Michael: Hard for me to choose a favorite quote from my own writing, so instead I’ll give you the two epigraphs I used for the first part of the novel, which I think capture some of that the book is about…
It’s the loss of the Grail that sets us out
on the Quest, not the finding.
— Martin Shaw The Snowy Tower
5. The Lord saw that the wickedness
of man was great in the earth,
and that every intention of the thoughts
of his heart was only evil continually. — Genesis,Chapter 6
TQ: What’s next?
Michael: At the moment I’m halfway through a sequel to THE ANOMALY, and also working with a company in Hollywood who are aiming to bring THE ANOMALY to the big screen… fingers crossed.
TQ: Thank you for joining us at The Qwillery.

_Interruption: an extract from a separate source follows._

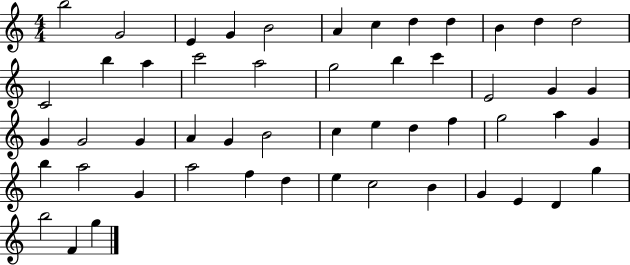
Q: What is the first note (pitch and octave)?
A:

Michael: A huge pleasure — thank you for having me!
Grand Central Publishing, June 19, 2018
Hardcover and eBook, 352 pages
“A taut, take-no-prisoners thriller, lean and fast as an express train.”–Preston & Child, #1 New York Times bestselling authors
Not all secrets are meant to be found.
If Indiana Jones lived in the X-Files era, he might bear at least a passing resemblance to Nolan Moore — a rogue archaeologist hosting a documentary series derisively dismissed by the “real” experts, but beloved of conspiracy theorists.
Nolan sets out to retrace the steps of an explorer from 1909 who claimed to have discovered a mysterious cavern high up in the ancient rock of the Grand Canyon. And, for once, he may have actually found what he seeks. Then the trip takes a nasty turn, and the cave begins turning against them in mysterious ways.
Nolan’s story becomes one of survival against seemingly impossible odds. The only way out is to answer a series of intriguing questions: What is this strange cave? How has it remained hidden for so long? And what secret does it conceal that made its last visitors attempt to seal it forever?